> **Instructions to follow**
Your answer is to be the exact text of the lines from the one containing "Ts. Dadiani st." through the final line of the entries, restated in full, with pictures omitted.

> **Input material**

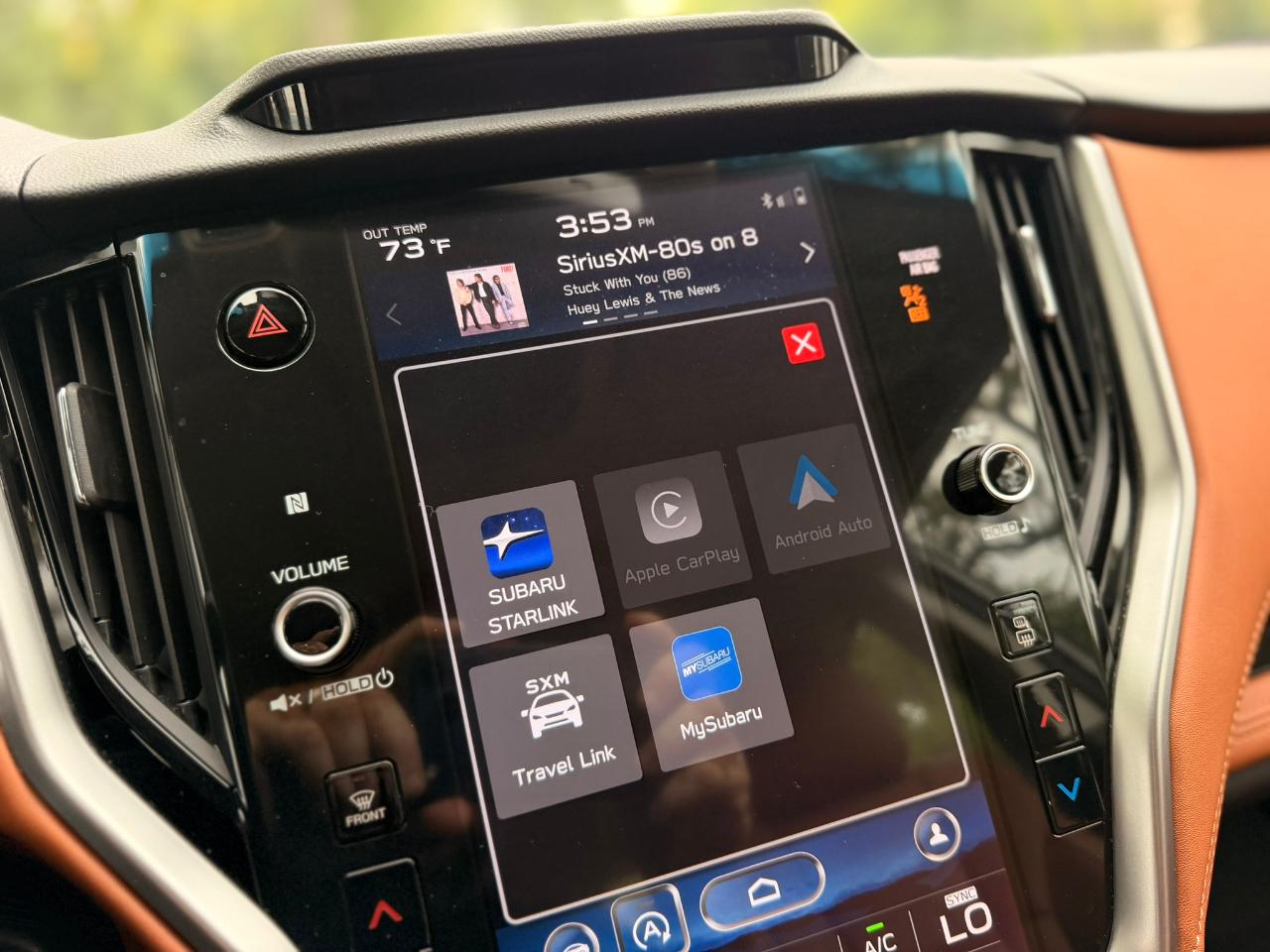 Subaru Legacy Touring XT CVT 2021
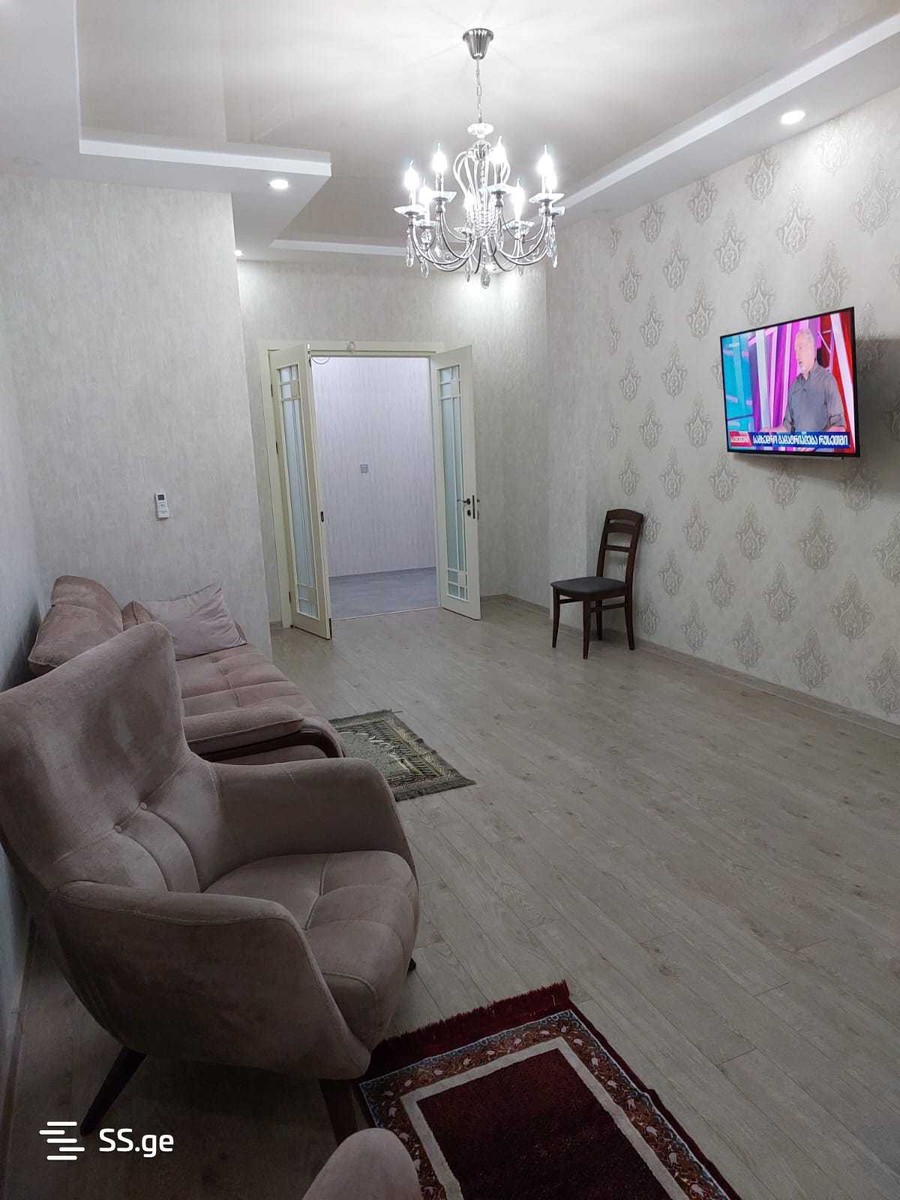 Ts. Dadiani st. (chugureti) ც.დადიანის7გ - 4 rooms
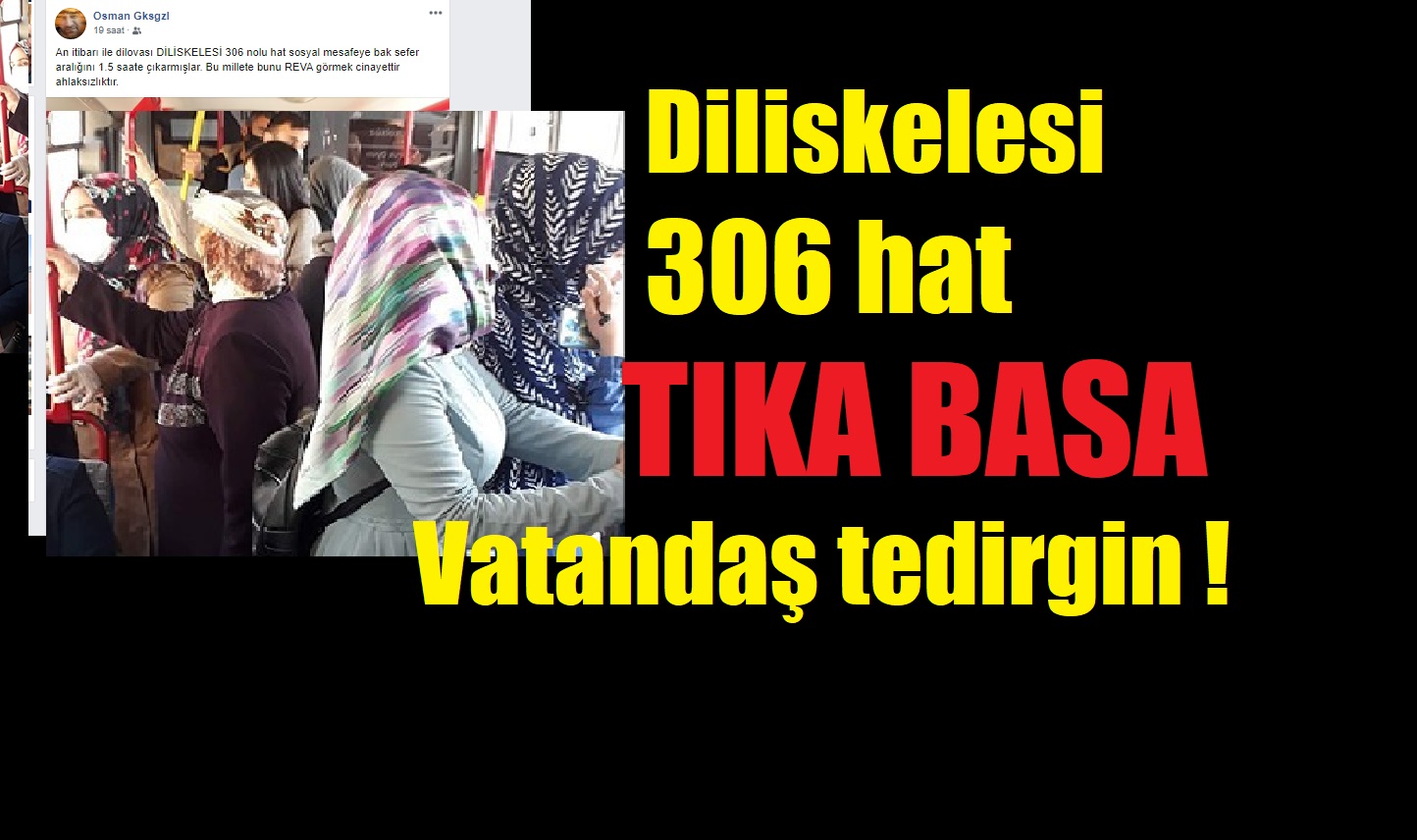 Vatandaş sahiplenmek istiyor!
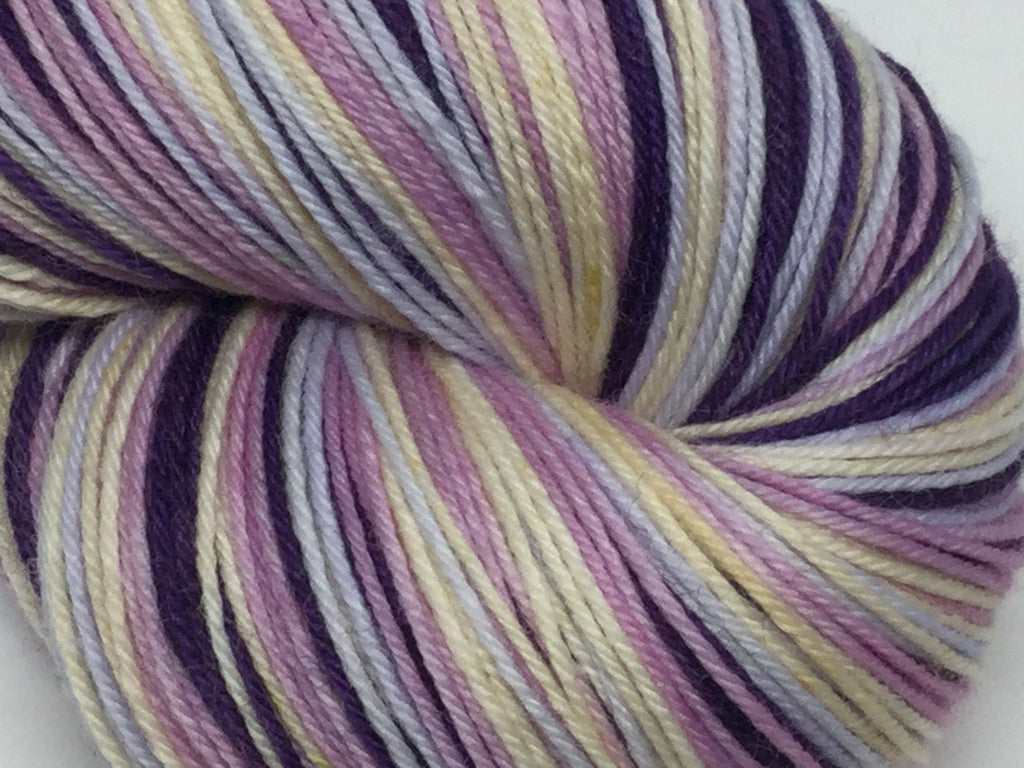 Ashes Four Stripe Self Striping Yarn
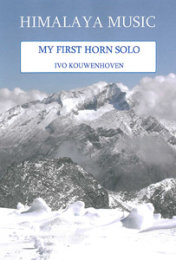 My First Horn Solo - Kouwenhoven, Ivo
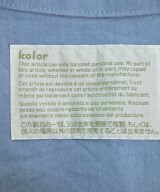kolor（カラー）カジュアルシャツ 青 サイズ:2(M位) メンズ/2200654623114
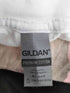 ギルダン GILDAN 犬 プリント S/S Tシャツ レディース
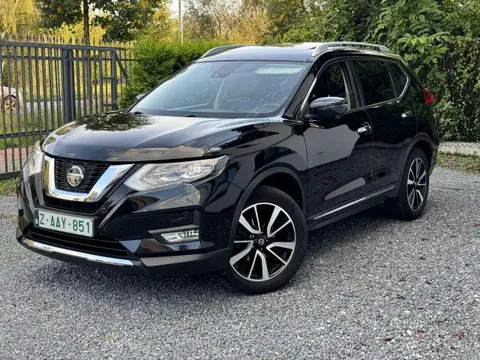 Used NISSAN X-TRAIL Petrol 2019 Ad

> **Answer section**
 Ts. Dadiani st. (chugureti) ც.დადიანის7გ - 4 rooms
 Vatandaş sahiplenmek istiyor!
 Ashes Four Stripe Self Striping Yarn
 My First Horn Solo - Kouwenhoven, Ivo
kolor（カラー）カジュアルシャツ 青 サイズ:2(M位) メンズ/2200654623114
 ギルダン GILDAN 犬 プリント S/S Tシャツ レディース
 Used NISSAN X-TRAIL Petrol 2019 Ad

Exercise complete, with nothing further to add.